Gergen further pointed out that "Vietnam ... after 30 years has actually become quite a thriving country. ... So there are those who say ... 'Yeah, when we pulled back, there was bloodbath in the immediate aftermath, but after that the Vietnamese started putting their country together.' Is that not what we want Iraq to do over the long term?"

"The reason we lost Vietnam, in part, was because we had no strategy," said Gergen. "And the problem we've got now in Iraq, what is the strategy for victory? ... It's not clear we have a winning strategy in Iraq. That's what cost us Vietnam. That's why we eventually withdrew under humiliating circumstances."

"[Bush] talks black and white," Gergen concluded. "Victory or withdrawal, those are the two options. And Democrats and Republicans are saying, 'Mr. President, there is a third option here, and that is a partial pullback. Stay there, try to prevent a civil war.' ... Today, there was no indication he was willing to do that."

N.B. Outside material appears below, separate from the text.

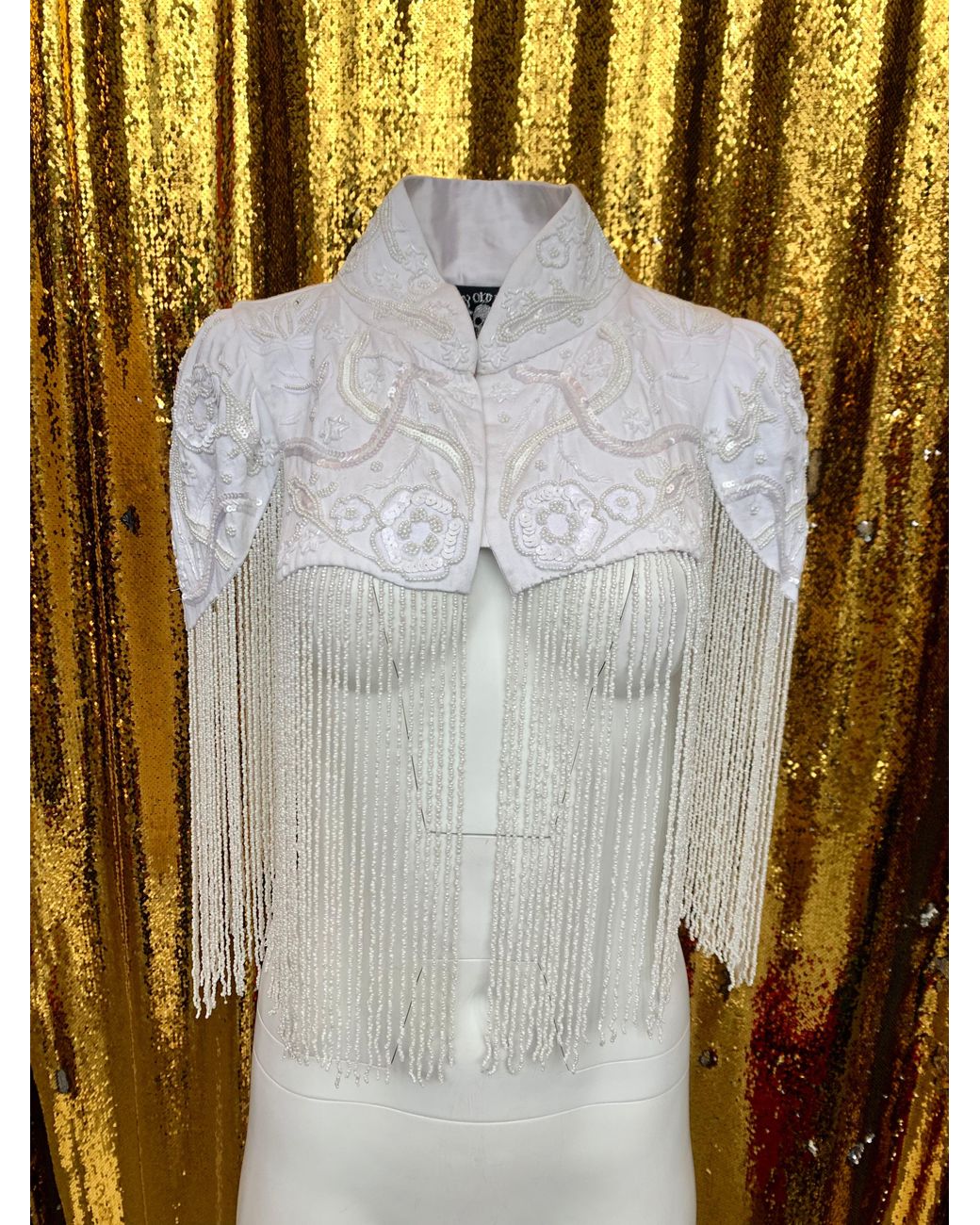 Any Old Iron Gray Hand-Beaded Vintage Shrug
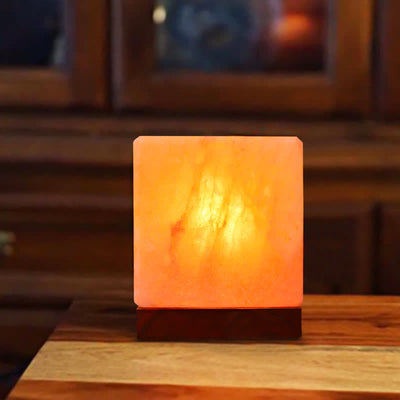 Olivenorma quadratische Form Himalaya Pink Salzkristall-Lampe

In addition to Gergen's comments, several of the major national newspapers have already printed statements by scholars and historians of the Vietnam War, disputing Bush's comparison of Iraq to Vietnam and his suggestion that the US could have imposed a successful outcome in Vietnam if it had just stayed longer, as Editor & Publisher's Greg Mitchell outlines in a column entitled "Apocalypse...Now? Press Examines Bush Linking Iraq to Vietnam."

"Invoking the tragedy of Vietnam to defend the failed policy in Iraq is as irresponsible as it is ignorant of the realities of both of those wars," Senator John Kerry (D-Mass) said, in a statement sent to RAW STORY.

The following video is from CNN's Newsroom, broadcast on August 22.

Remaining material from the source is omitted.